With that caveat, let's dive into 3 ASX small-cap shares that I think have promising growth potential.
PWR Holdings (ASX: PWH)
PWR Holdings is a great example of a company using its strong skills in one area to grow into other industries.
Founded in 1997 by Kees Weel, who is still the CEO today, PWR Holdings has become a top player in advanced cooling systems. The company is a global leader in this niche, providing high-performance products for motorsport, automotive, aerospace, and defence industries.
While the company is best known for its motorsports division, the aerospace and defence industry is growing fast.
In 1H FY24, the company reported robust results, as revenue grew by 22.2% to $64.2 billion, and earnings before interest, taxes, depreciation, and amortisation (EBITDA) increased by 27.2% to $18.4 billion. While the motorsport sector's 19% revenue growth was solid, the real surprise came from the aerospace and defence sector which saw an impressive 124% growth in revenue. The sector represented 12% of the total revenue, up from 7% a year ago.
Over the past decade, PWR Holdings has delivered stable earnings growth, superior profitability, and high return-on-equity ratios.
The PWR Holdings share price closed Monday at $10.94. Its shares are valued at a price-to-earnings (P/E) ratio of 34x on FY25 earnings estimates using S&P Capital IQ.
VEEM Ltd (ASX: VEE)
If there's a leader in PWR Holding for the global cooling systems market, there's also VEEM for the global marine precision parts market. VEEM introduced products that aimed to enhance efficiency and safety within its industry.

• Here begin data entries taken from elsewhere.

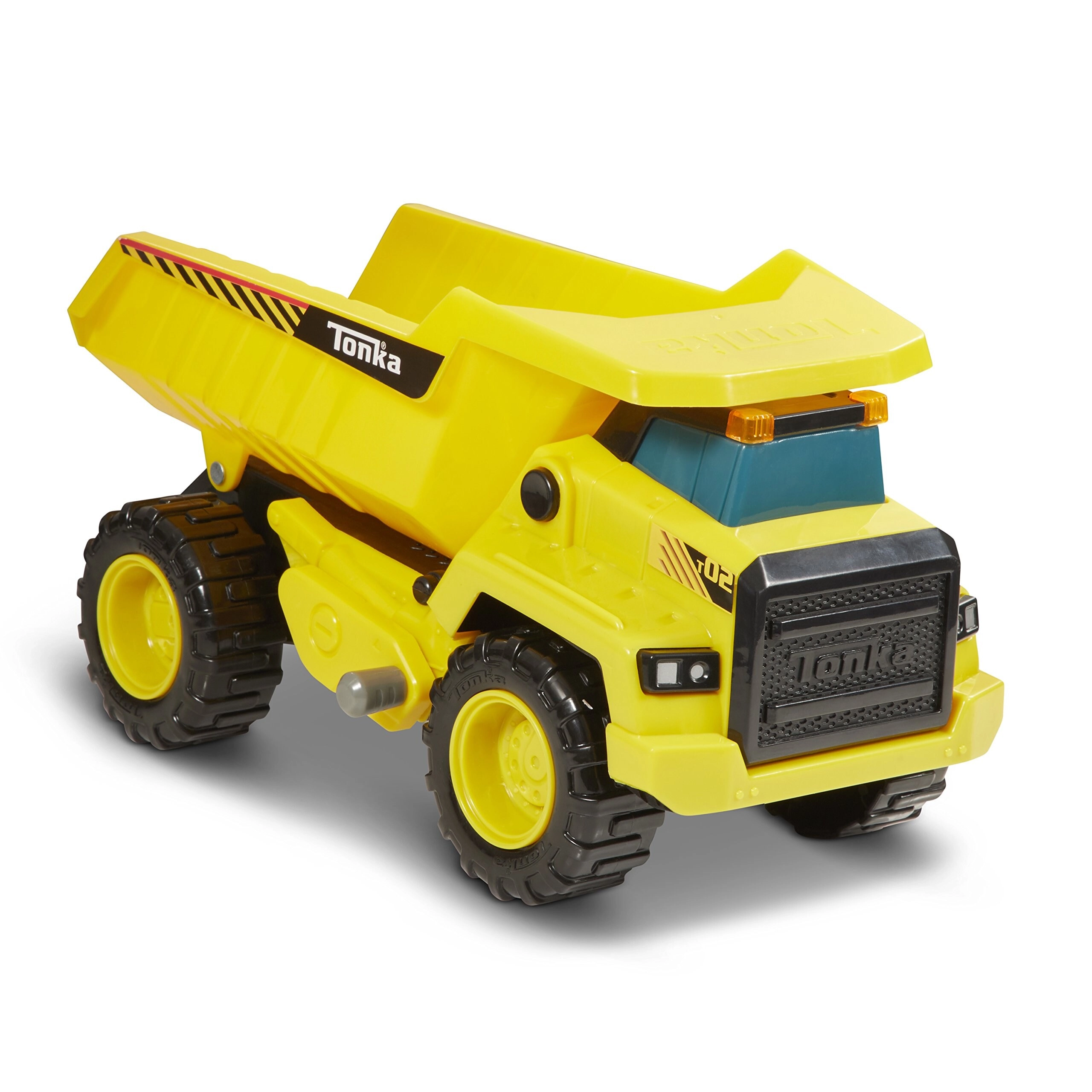 Tonka 8045 Power Movers Dump Truck - Yellow Batteries included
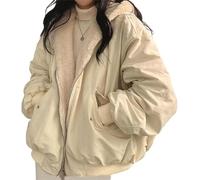 ASKSA Womens Winter Jackets Loose Reversible Parka with Hood Warm Fleece Winter Coat Outdoor Jacket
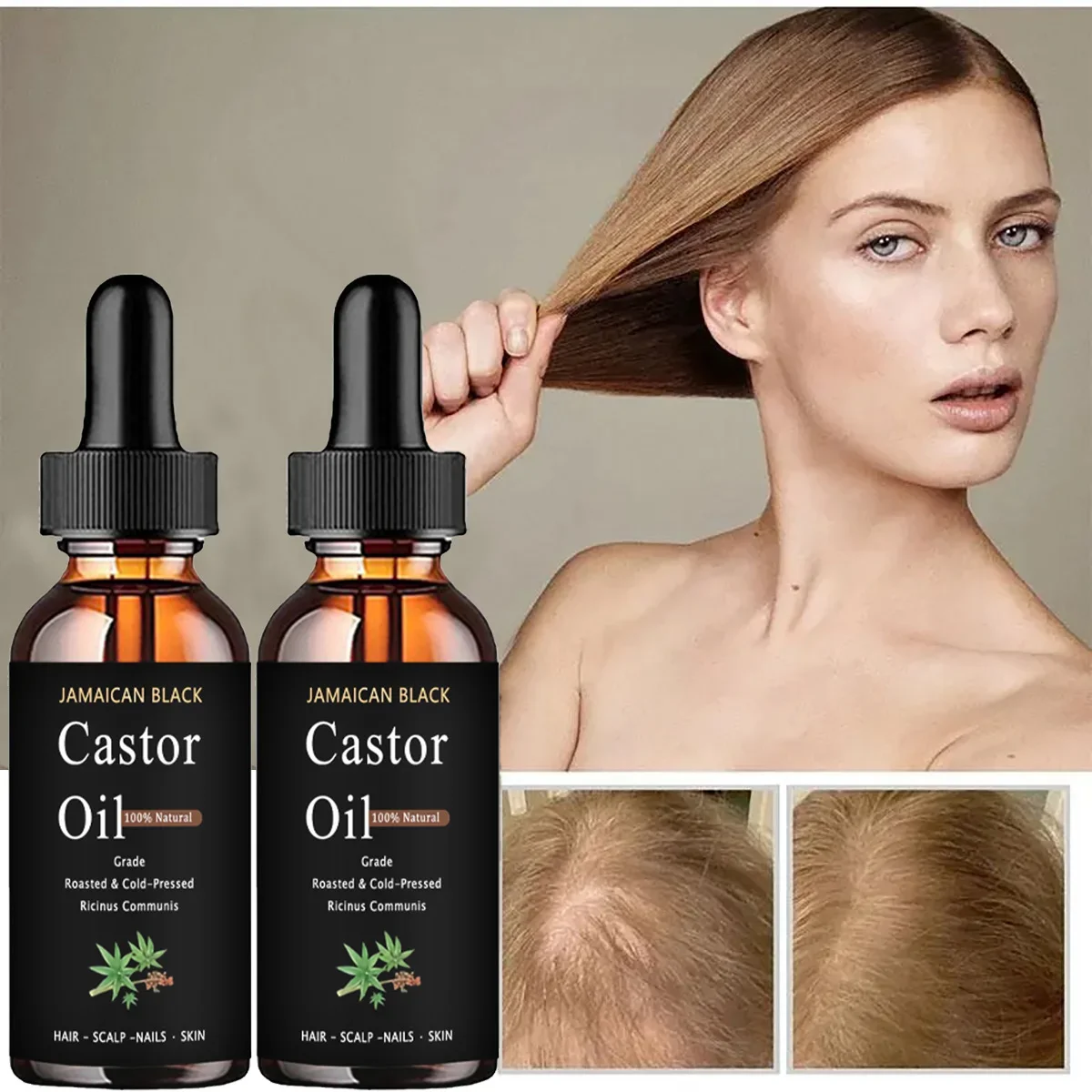 TRSTAY Jamaica Black Pure Natural Castor Oil Hair Treatment Moisturizing Scalp Care for Healthy Hair Environment Friendly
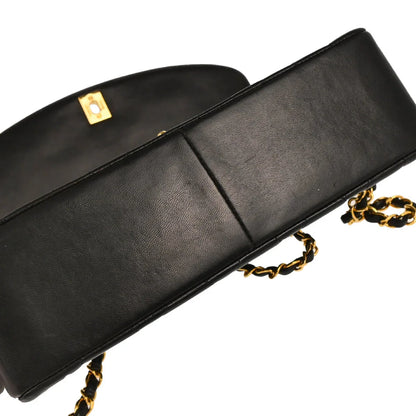 Chanel Black Lambskin Medium Diana Shoulder Bag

Founded in 1968, VEEM makes advanced marine technology and engineering parts, servicing both the defence and commercial marine sectors. Over the years, VEEM has established a strong reputation for innovation and quality, positioning itself as a key player in the global marine technology market.
This expertise and market leadership led to two exciting opportunities for VEEM. Several years ago, VEEM launched VEEM gyrostabilisers, an innovative product that replaces traditional propeller-based stabilisation. While the product's revenue was just $5 million in 1H FY24, it brings a big market potential. Management estimates its total addressable market would be US$1.1 billion for new builds.
The other exciting venture is VEEM's partnership with Sharrow Engineering. Last year, the two companies announced an exclusive agreement to adapt Sharrow's design to a wider range of vessels. While it's still early days, VEEM saw a positive outcome from initial testing and plans to launch this product line throughout FY25.
VEEM is tightly held by insiders, with Managing Director David Miocevich owning over 50% of the company.
The VEEM share price closed Monday at $1.72. According to S&P Capital IQ, its shares are valued at an FY25 P/E ratio of 30x.
Smart Parking Ltd (ASX: SPZ)
Smart Parking is the smallest company of the three, with a market capitalisation of $173 million, which puts it at the border between small-caps and micro-caps.
The company is growing fast by scaling up its operations. This company has presence in Australia, New Zealand, the UK, Germany, and Denmark.
As the name suggests, Smart Parking specialises in smart parking technology, which helps drivers find available parking spaces more easily and efficiently. Its systems include real-time parking information, automated payment options, and advanced monitoring tools. Smart Parking aims to make parking simpler and more convenient for both drivers and parking operators.
The number of parking sites managed by Smart Parking has grown from 250 in June 2017 to 1,219 in December 2023. During this period, revenue rose from $24.8 million in FY17 to 45.2 million in the last 12 months. As it built scale and operational efficiency, EBITDA margins improved from just 4% in FY17 to over 20% in the last 12 months to December 2023.
In terms of total addressable markets, management estimates there are approximately 45,000 sites in the UK, 90,000 sites in Germany, and 10,000 sites in Denmark. That's a total of 145,000 parking sites, giving a long runway for growth.
The Smart Parking stock closed at $0.48 on Monday, implying a FY25 P/E ratio of 19x, according to S&P Capital IQ.